The answer consists solely of the lines running from the one with "Valmenti Kadın Hakiki Deri Bordo Mont" through the final line below, transcribed exactly and without any pictures.

▶

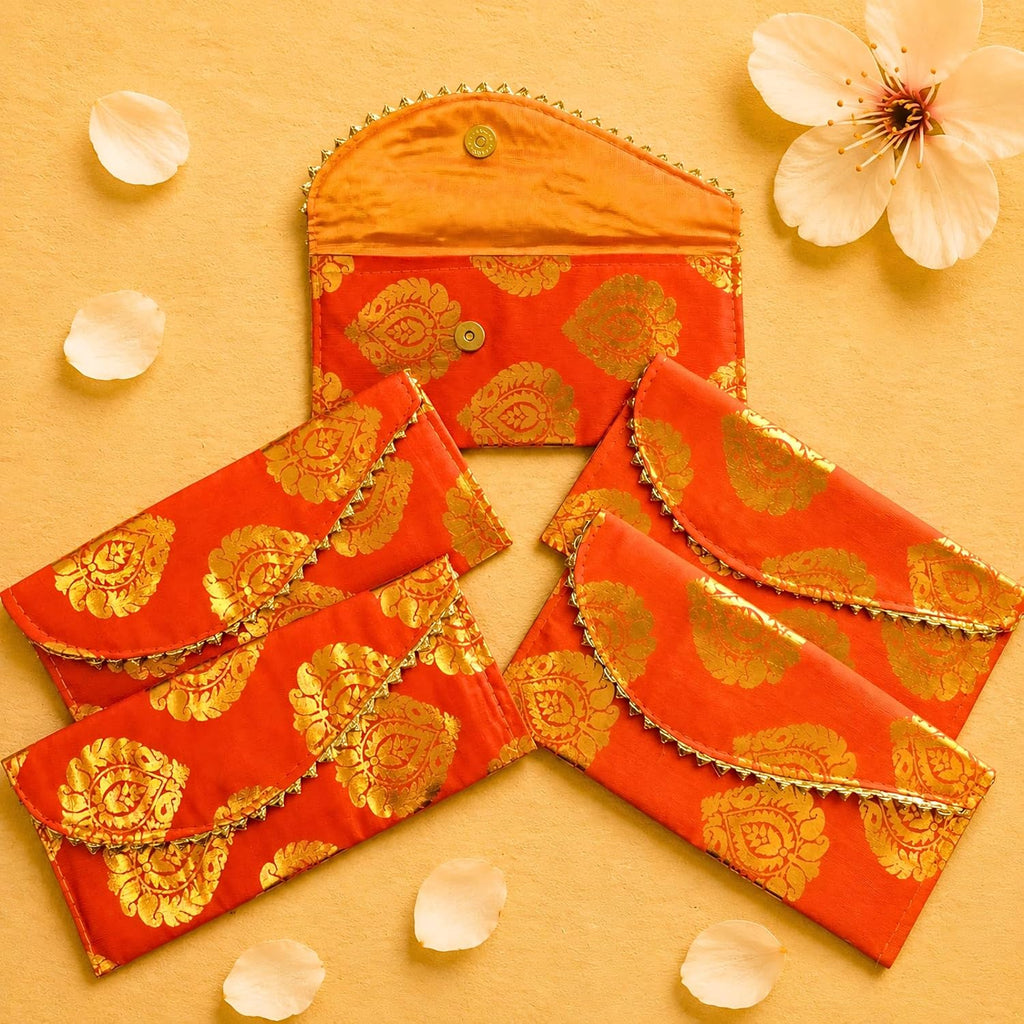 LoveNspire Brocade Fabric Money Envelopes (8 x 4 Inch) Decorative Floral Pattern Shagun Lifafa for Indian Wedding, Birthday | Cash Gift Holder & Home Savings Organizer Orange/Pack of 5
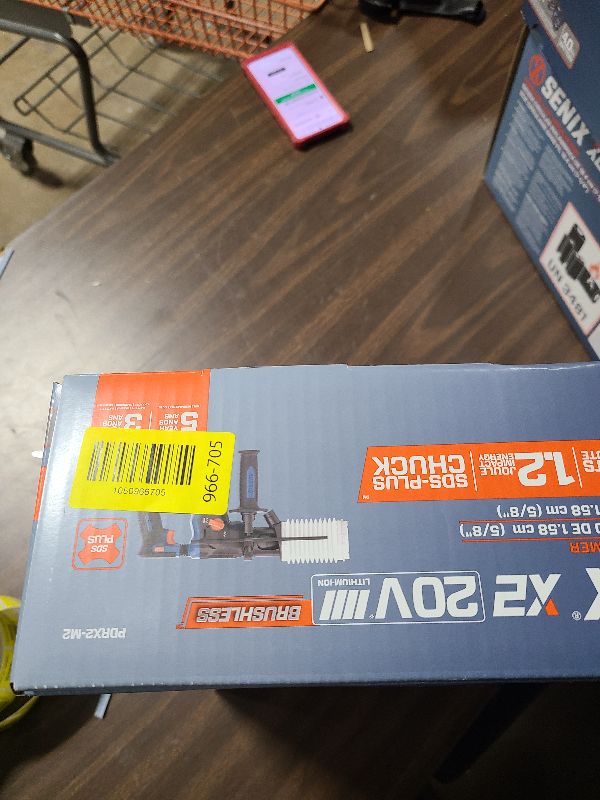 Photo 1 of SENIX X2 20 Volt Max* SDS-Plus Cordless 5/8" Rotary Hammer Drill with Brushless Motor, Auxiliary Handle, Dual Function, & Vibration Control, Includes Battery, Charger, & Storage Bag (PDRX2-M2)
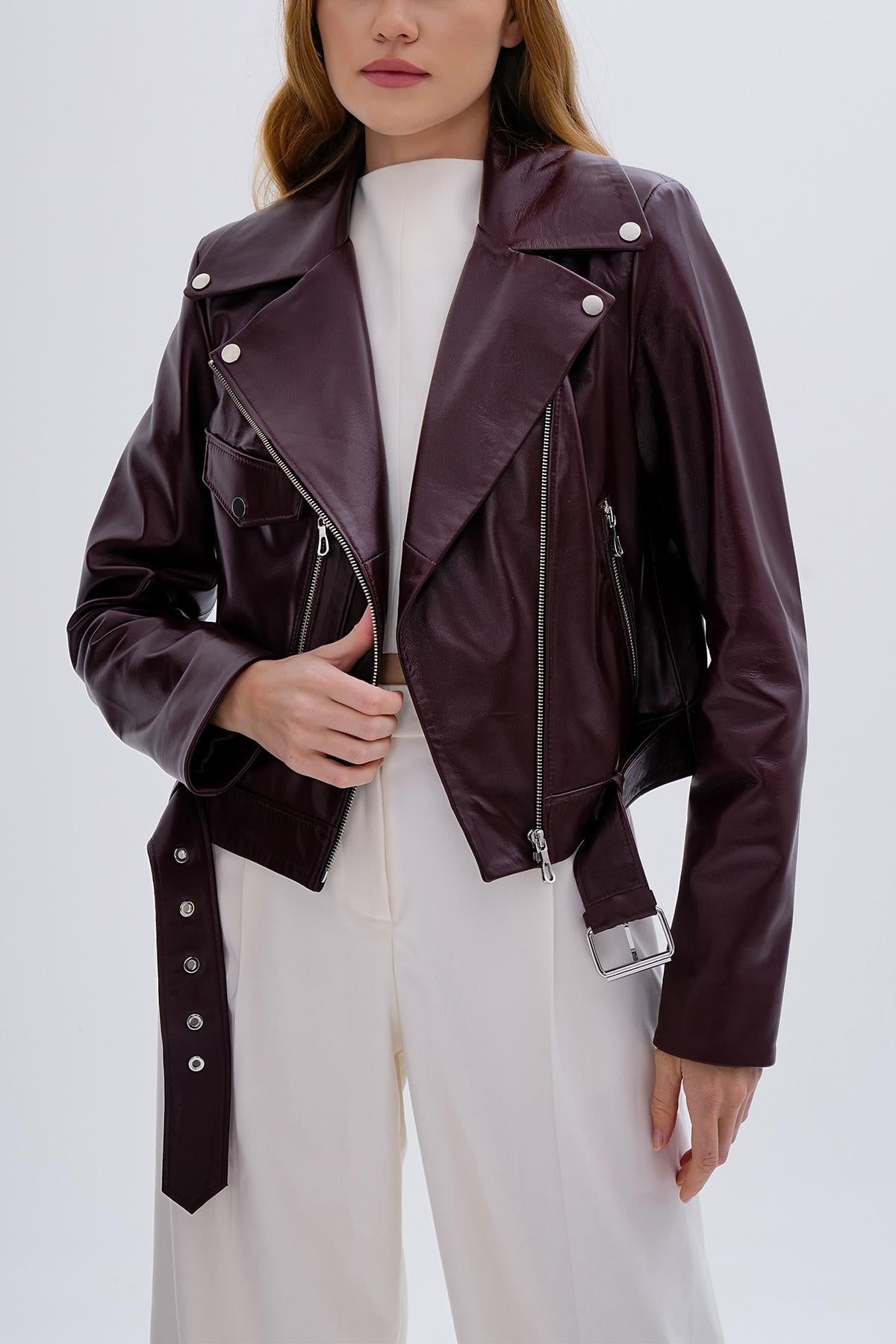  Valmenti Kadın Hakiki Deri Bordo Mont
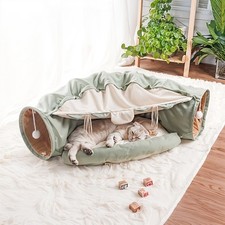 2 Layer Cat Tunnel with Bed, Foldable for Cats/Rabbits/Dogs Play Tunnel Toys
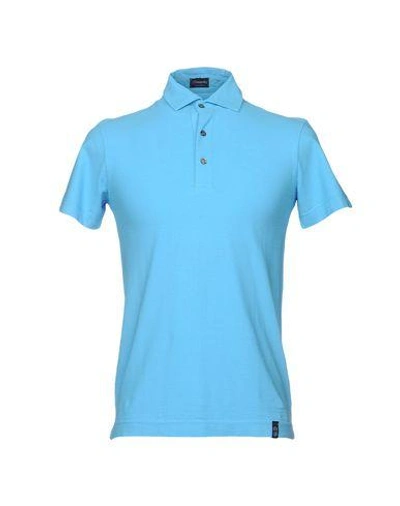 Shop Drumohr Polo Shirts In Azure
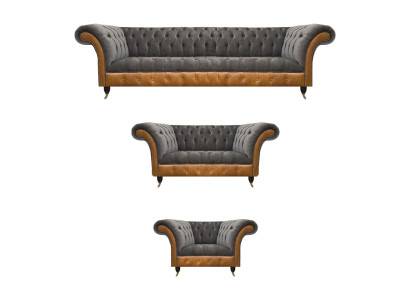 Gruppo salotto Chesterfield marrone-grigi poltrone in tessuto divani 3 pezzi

◀

**EXERCISE SOLUTION:**
  Valmenti Kadın Hakiki Deri Bordo Mont
 2 Layer Cat Tunnel with Bed, Foldable for Cats/Rabbits/Dogs Play Tunnel Toys
 Shop Drumohr Polo Shirts In Azure
 Gruppo salotto Chesterfield marrone-grigi poltrone in tessuto divani 3 pezzi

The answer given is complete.